PROBLEM REQUIREMENTS: Nothing but the lines from the top of the records through the line with "Mercedes-Benz GLC photo 23" should be returned, exactly, and without pictures.

DATA EXCERPTS:
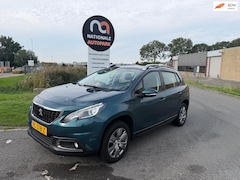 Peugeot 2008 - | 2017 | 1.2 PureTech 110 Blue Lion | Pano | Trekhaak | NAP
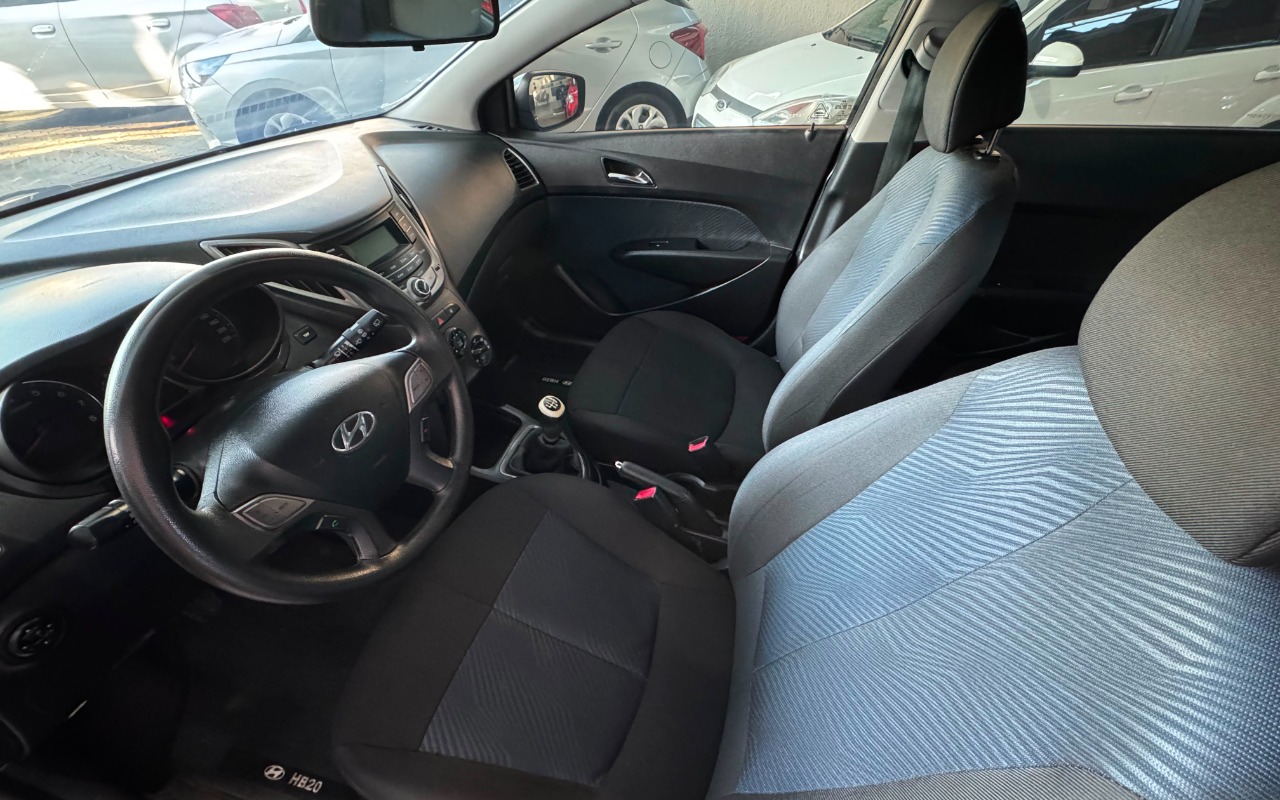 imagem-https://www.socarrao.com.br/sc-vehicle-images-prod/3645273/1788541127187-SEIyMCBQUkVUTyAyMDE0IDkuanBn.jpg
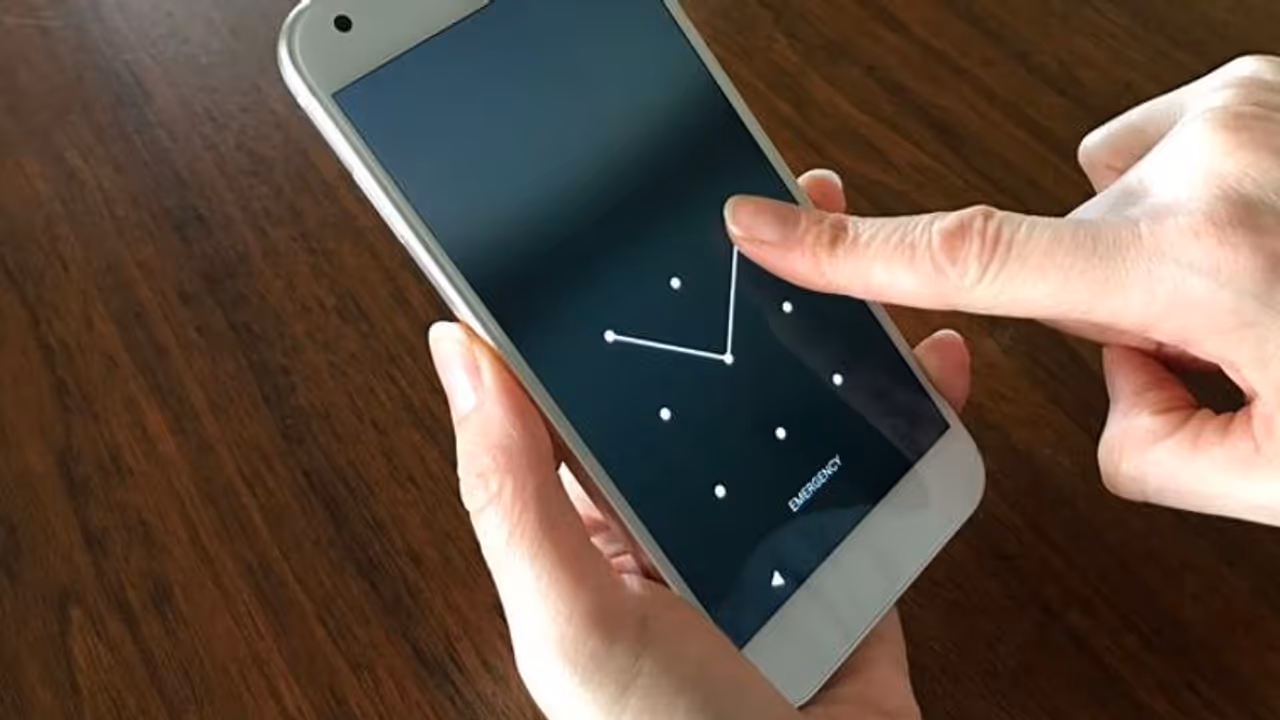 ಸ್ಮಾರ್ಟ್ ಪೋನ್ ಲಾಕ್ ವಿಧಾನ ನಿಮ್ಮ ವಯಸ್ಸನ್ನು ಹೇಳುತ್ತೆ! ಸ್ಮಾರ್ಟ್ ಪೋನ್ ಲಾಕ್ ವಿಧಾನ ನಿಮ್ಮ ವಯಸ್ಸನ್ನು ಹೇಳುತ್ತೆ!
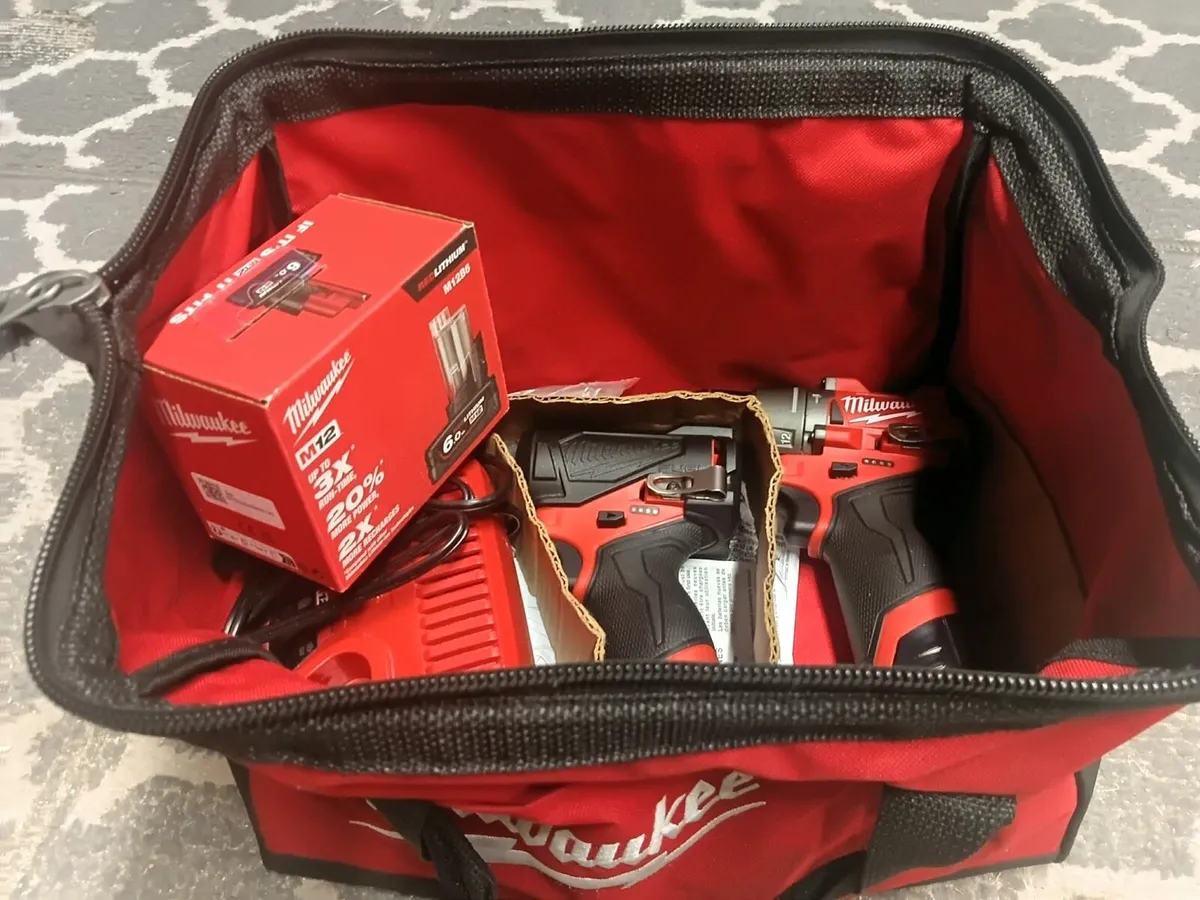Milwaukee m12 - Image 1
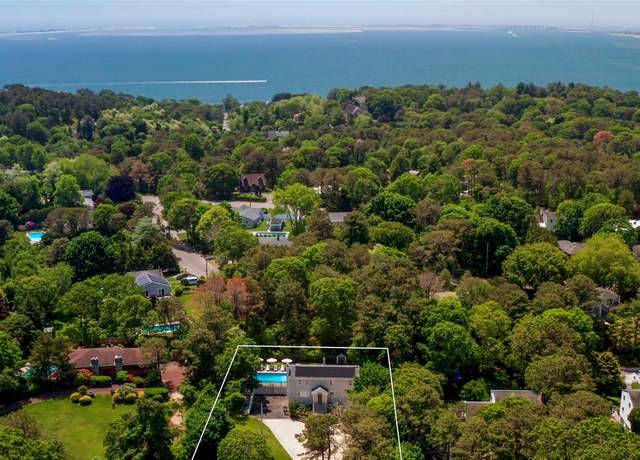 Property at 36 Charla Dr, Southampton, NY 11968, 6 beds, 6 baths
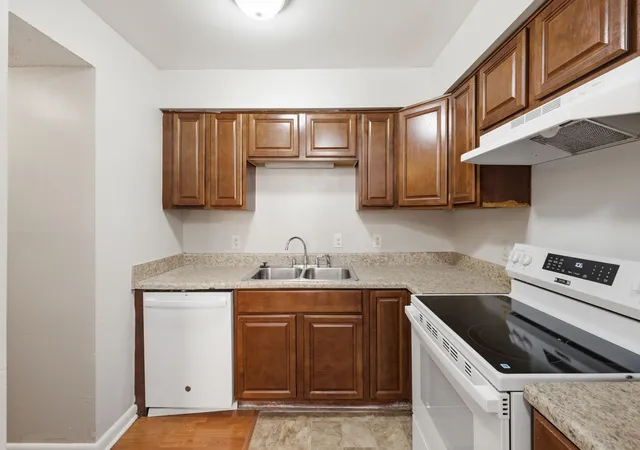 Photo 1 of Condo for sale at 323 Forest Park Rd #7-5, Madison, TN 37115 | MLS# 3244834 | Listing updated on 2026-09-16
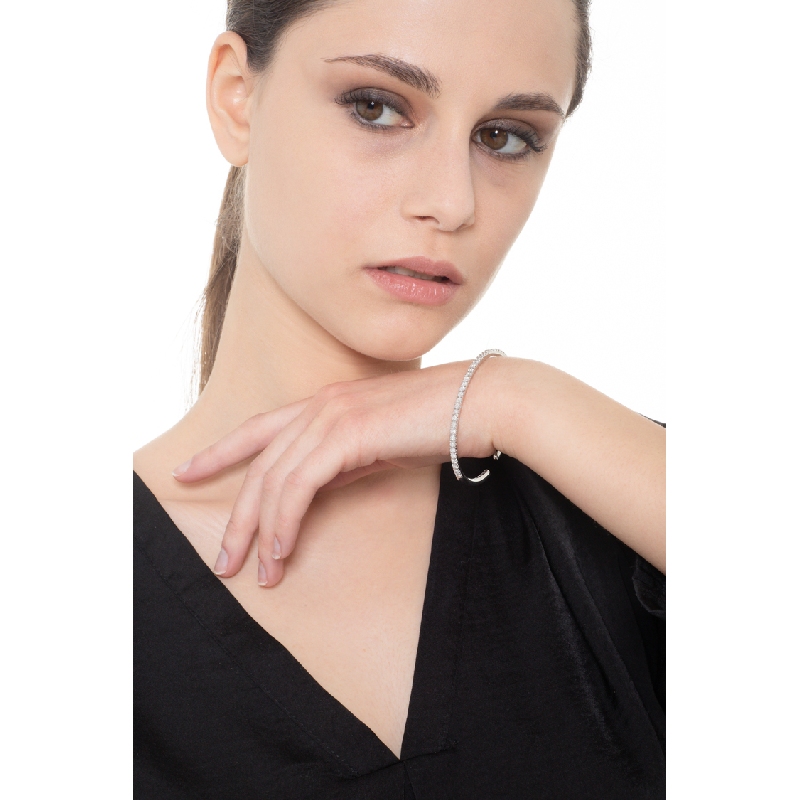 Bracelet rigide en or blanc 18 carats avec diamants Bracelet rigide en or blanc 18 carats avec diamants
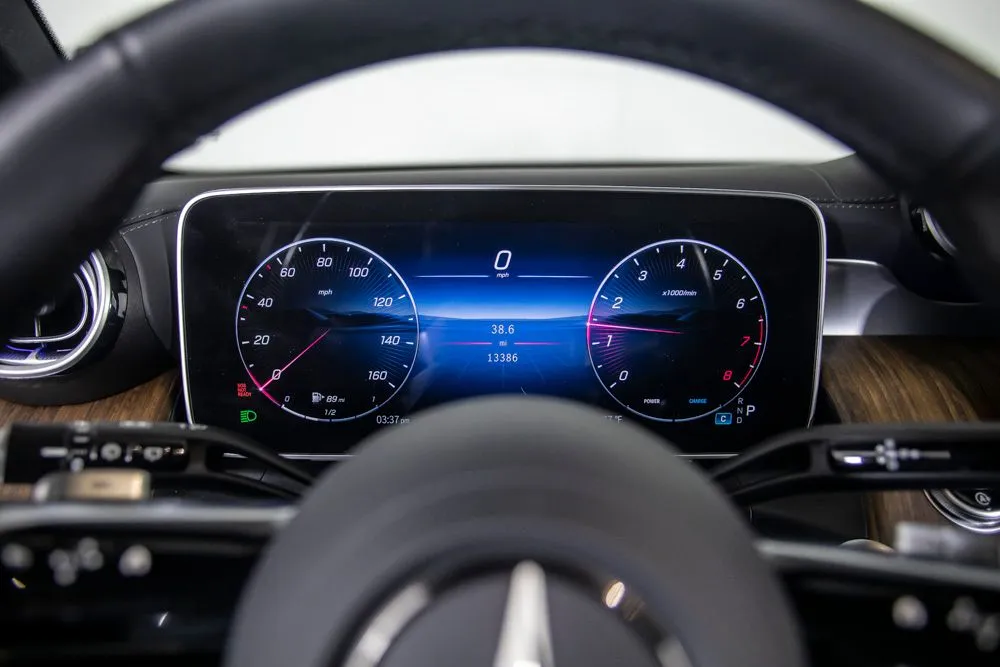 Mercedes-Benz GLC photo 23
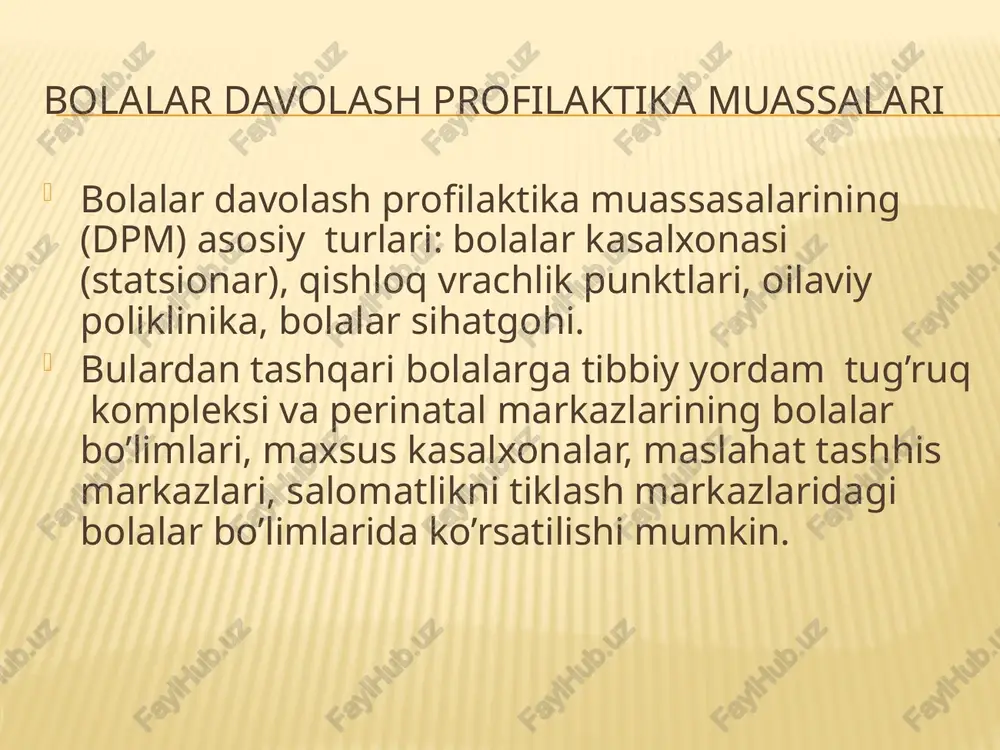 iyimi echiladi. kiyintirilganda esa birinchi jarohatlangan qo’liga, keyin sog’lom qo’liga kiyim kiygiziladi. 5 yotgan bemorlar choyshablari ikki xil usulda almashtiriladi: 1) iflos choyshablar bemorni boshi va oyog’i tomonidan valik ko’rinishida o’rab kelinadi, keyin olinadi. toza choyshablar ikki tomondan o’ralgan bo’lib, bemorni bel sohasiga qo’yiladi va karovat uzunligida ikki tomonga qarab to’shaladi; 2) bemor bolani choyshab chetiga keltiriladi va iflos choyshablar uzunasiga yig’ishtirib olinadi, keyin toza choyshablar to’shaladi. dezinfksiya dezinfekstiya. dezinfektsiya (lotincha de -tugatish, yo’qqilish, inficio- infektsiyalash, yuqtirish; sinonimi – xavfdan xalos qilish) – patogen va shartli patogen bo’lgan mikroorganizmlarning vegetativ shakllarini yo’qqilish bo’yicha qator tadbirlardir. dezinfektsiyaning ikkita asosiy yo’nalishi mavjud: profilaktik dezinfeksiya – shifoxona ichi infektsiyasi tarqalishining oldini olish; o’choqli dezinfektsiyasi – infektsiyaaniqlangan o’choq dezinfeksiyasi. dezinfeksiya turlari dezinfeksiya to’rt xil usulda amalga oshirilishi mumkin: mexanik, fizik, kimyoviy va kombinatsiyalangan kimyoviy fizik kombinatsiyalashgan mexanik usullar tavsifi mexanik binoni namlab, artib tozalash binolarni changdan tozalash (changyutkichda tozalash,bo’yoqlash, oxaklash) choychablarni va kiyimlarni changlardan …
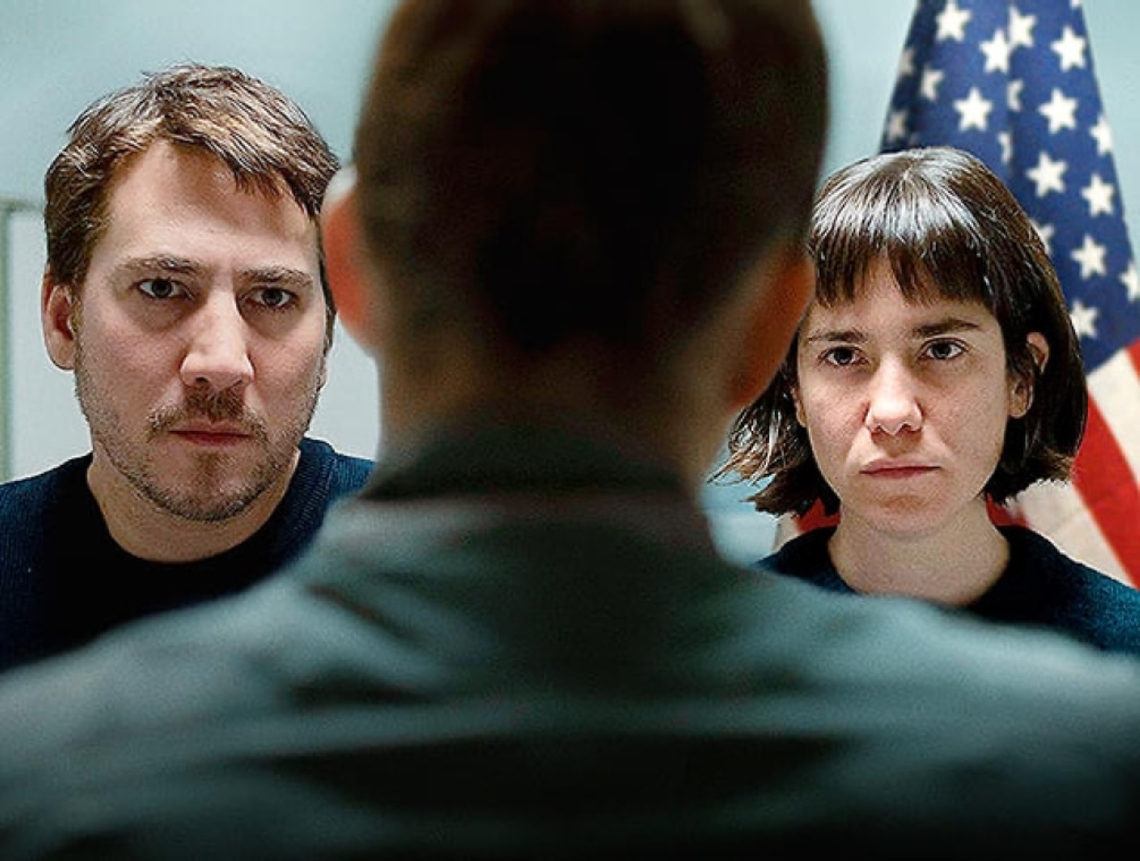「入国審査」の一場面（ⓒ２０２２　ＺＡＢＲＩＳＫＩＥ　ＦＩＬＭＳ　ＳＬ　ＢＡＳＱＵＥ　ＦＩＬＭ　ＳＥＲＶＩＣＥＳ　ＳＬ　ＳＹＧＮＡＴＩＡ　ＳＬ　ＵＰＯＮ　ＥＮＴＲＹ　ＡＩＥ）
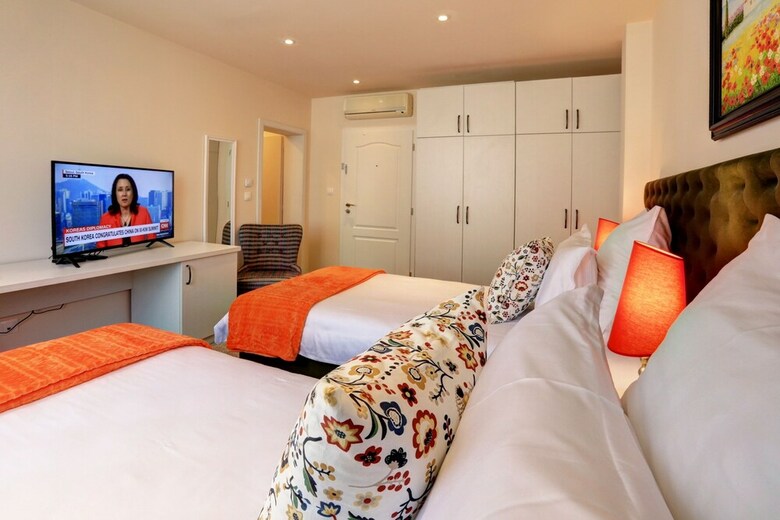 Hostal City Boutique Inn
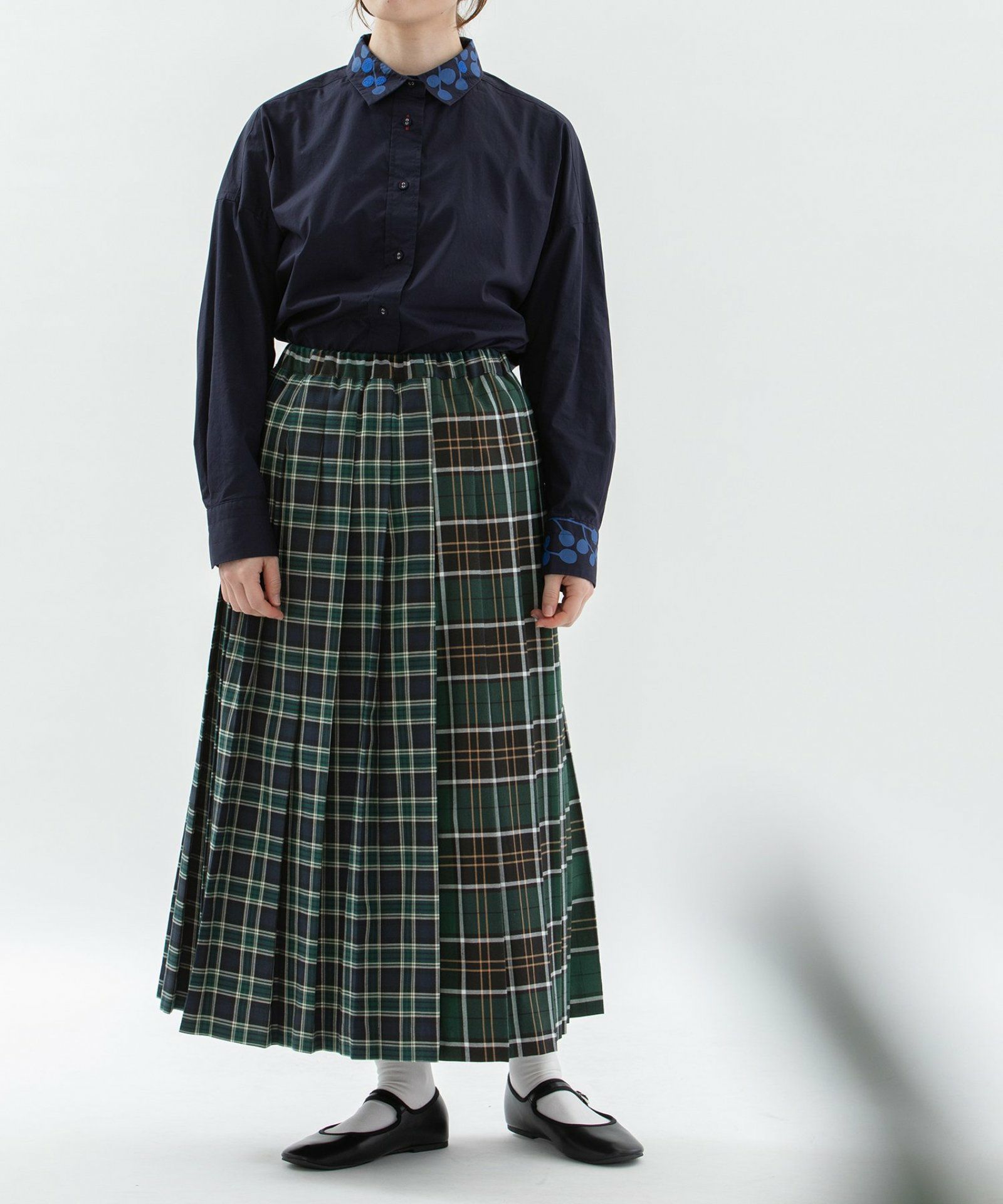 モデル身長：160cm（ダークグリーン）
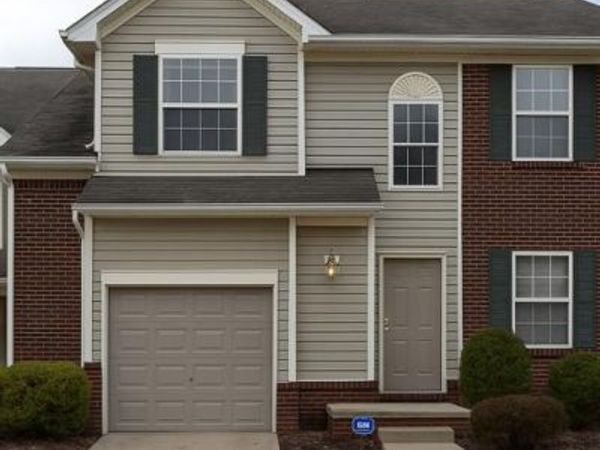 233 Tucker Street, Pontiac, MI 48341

SOLUTION:
 Peugeot 2008 - | 2017 | 1.2 PureTech 110 Blue Lion | Pano | Trekhaak | NAP
 imagem-https://www.socarrao.com.br/sc-vehicle-images-prod/3645273/1788541127187-SEIyMCBQUkVUTyAyMDE0IDkuanBn.jpg
 ಸ್ಮಾರ್ಟ್ ಪೋನ್ ಲಾಕ್ ವಿಧಾನ ನಿಮ್ಮ ವಯಸ್ಸನ್ನು ಹೇಳುತ್ತೆ! ಸ್ಮಾರ್ಟ್ ಪೋನ್ ಲಾಕ್ ವಿಧಾನ ನಿಮ್ಮ ವಯಸ್ಸನ್ನು ಹೇಳುತ್ತೆ!
Milwaukee m12 - Image 1
 Property at 36 Charla Dr, Southampton, NY 11968, 6 beds, 6 baths
 Photo 1 of Condo for sale at 323 Forest Park Rd #7-5, Madison, TN 37115 | MLS# 3244834 | Listing updated on 2026-09-16
 Bracelet rigide en or blanc 18 carats avec diamants Bracelet rigide en or blanc 18 carats avec diamants
 Mercedes-Benz GLC photo 23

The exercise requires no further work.